There are so many reasons why we should stay in NUS that will be set out by the #YEStoNUS campaign in the coming few weeks. The NUS Women’s Campaign has set up a government task force to overturn the 1994 Zellick Report, which has resulted in a failure of universities to support survivors of sexual violence. This year, NUS voted for the first fully paid full-time Trans Officer in the country. The NUS campaign against PREVENT had an instrumental role in forcing a review of the legislation. NUS Conference voted this year to form a national student mental health task force, particularly looking at suicide prevention. NUS provides solidarity networks for international students who face deportation, and provided evidence to the Home Affairs Select Committee, which persuaded them to launch an inquiry into the illegal deportation of 50,000 students. Over 2,000 Oxford students have NUS Extra Cards, giving us discounts we can’t get with our BodCards. If we disaffiliate, we lose these, costing individual students money.
Moreover, NUS is the only national organisation conducting nationwide research on student issues – from mental health, to sexual violence, student poverty or the impact of maintenance grant cuts on working-class students. Without NUS, this vital research would not be provided. NUS provides training for our Sabs, multiple trainings such as Women in Leadership, Black Leaders, Disabled Activists, and 26 democratic conferences which include training and workshops for delegates on a number of issues. And this is just the tip of the iceberg.
Saying #YEStoNUS is more important now than ever. Next month, the government will publish its White Paper on Higher Education, alongside the HE Bill later this year, which will introduce radical changes to how universities work, including introducing higher fees for elite institutions like Oxford. This has dire consequences for access, which will be further undermined if Oxford votes to leave the national campaign against the bill.

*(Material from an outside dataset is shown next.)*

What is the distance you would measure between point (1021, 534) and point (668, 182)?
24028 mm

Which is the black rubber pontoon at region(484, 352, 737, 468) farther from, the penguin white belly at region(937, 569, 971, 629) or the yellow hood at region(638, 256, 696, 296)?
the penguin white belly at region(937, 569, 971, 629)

The democratic election of the first black Muslim woman NUS President – the most progressive President to date – is something we should celebrate. More than this, we should be celebrating our National Union of Students, which time and time again has supported us – from campaigning against PREVENT, to providing legal guidance to support rights we have won for Suspended Students, to selling condoms to OUSU at a next-to-nothing price. If Oxford disaffiliates from NUS, it will send a clear message that it is us who are out of touch with students. Come the referendum, say #YEStoNUS.